PROVIDED INFORMATION:
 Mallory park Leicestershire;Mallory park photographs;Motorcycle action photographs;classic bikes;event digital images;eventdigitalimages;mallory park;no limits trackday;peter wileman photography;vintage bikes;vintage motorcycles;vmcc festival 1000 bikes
---
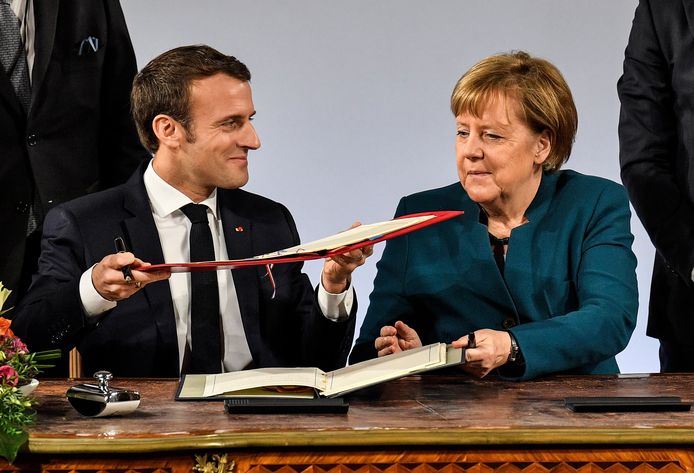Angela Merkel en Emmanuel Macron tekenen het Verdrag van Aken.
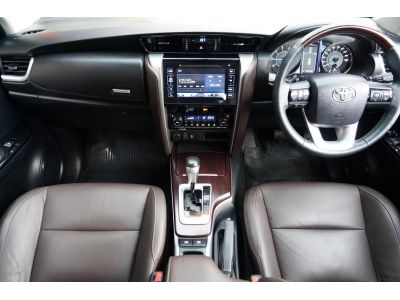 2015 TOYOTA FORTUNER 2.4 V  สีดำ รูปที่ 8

TASK TO COMPLETE:
Among the entries above, copy exactly the stretch from the line holding "Angela Merkel en" through the line holding "2015 TOYOTA FORTUNER", leaving out any pictures.

ANSWER SPACE:
Angela Merkel en Emmanuel Macron tekenen het Verdrag van Aken.
 2015 TOYOTA FORTUNER 2.4 V  สีดำ รูปที่ 8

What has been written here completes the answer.